LVOT - VTI (stroke distance) is depressed. This outlines the resulting depressed LV output.

TDI of the RV free wall.

Depressed RVOT-VTI (decreased stroke distance and output)

LV lateral wall and septal wall with depressed systolic peak velocities by tissue doppler imaging.

Depressed EF by Simpson's in A4C (33%)

Shortening fraction is depressed at 18%. No signs of significant hypertrophy.

There may be some early indicator of LV diastolic dysfunction with a low E/A ratio

No obvious coarctation with appropriate aortic caliber and laminar flow. A restrictive PDA may be observed (bidirectional in nature, although not fully appreciated from these clips).

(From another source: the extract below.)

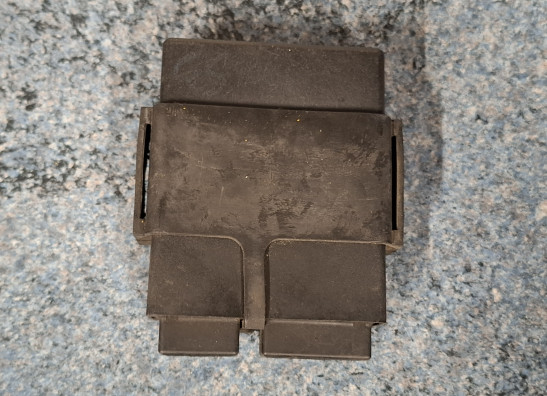 CDI ECU unit Honda Overige Honda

Decreased VTI in the descending Aorta from the depressed LV output.

Echocardiography after Epinephrine IV

Improved biventricular function in A4C (EF: 57%, FAC 37%)

At a Nyquist of 77, nice laminar flow through the LVOT into the Ascending Aorta.

Mild TR - indicating some residual RV strain

PDA small and almost closed - bidirectional

One may observe in the subcostal view the UVL at the IVC-RA junction, some degree of free fluid below the diaphragm.

Some pericardial fluid is observed in this PSAX view.

Some mild mitral insufficiency from the residual subendocardial ischemia to the papillary muscles of the mitral valve.

Adequate subjective RV and LV function by A4C view.

Sweep in the PSAX: flattening of the septum in systole (iso-systemic PA pressure), some degree of RV dilation

RV looks similar in size to the LV. there is adequate RV function.

Normalized TAPSE.

Normalized RV TDI.

Although angulated, one may appreciate the low-normal systolic velocity of the LV free wall (5th beat being the clearest)

E>A velocity.

Improved LVO

Improved RVO

Improved VTI in the descending abdominal aorta.

Improvement in the Shortening fraction, although there is paradoxical movement of the inter-ventricular septum from the isosystemic pulmonary pressure.